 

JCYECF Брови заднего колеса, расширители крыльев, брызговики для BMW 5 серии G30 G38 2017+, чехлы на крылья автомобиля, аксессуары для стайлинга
---
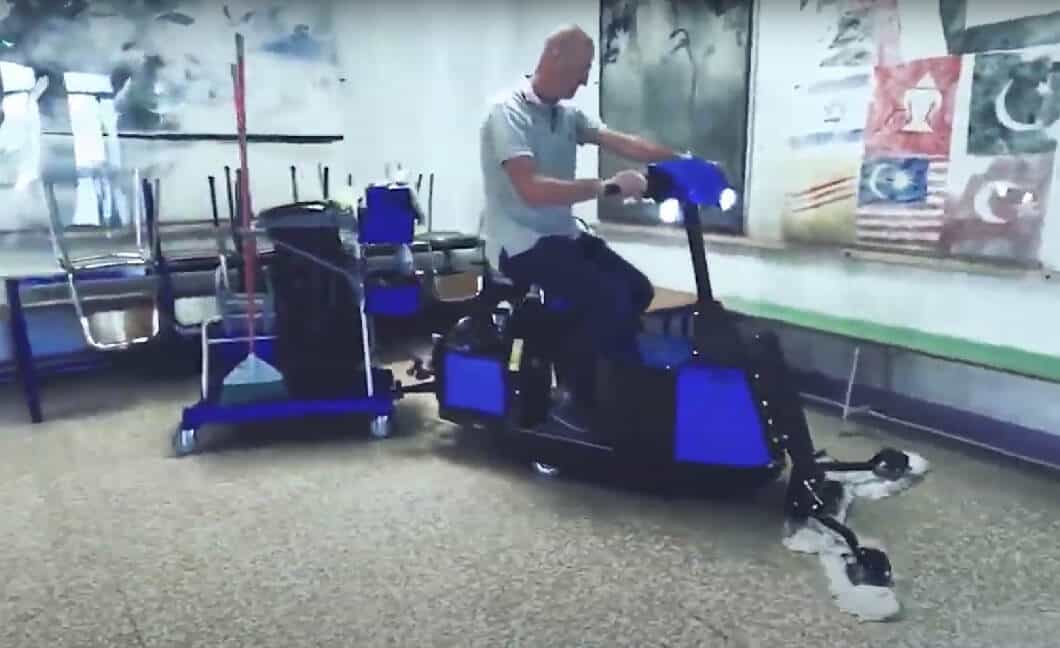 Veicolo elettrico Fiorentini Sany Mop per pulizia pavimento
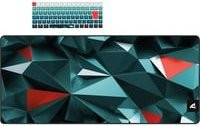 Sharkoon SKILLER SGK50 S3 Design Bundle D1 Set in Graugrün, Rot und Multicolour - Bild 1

- Problem requirements
Exact copy, pictures excluded: from the line with "Veicolo elettrico Fiorentini" up to and including the line with "Sharkoon SKILLER SGK50" in the data above.

- Output for this exercise
 Veicolo elettrico Fiorentini Sany Mop per pulizia pavimento
 Sharkoon SKILLER SGK50 S3 Design Bundle D1 Set in Graugrün, Rot und Multicolour - Bild 1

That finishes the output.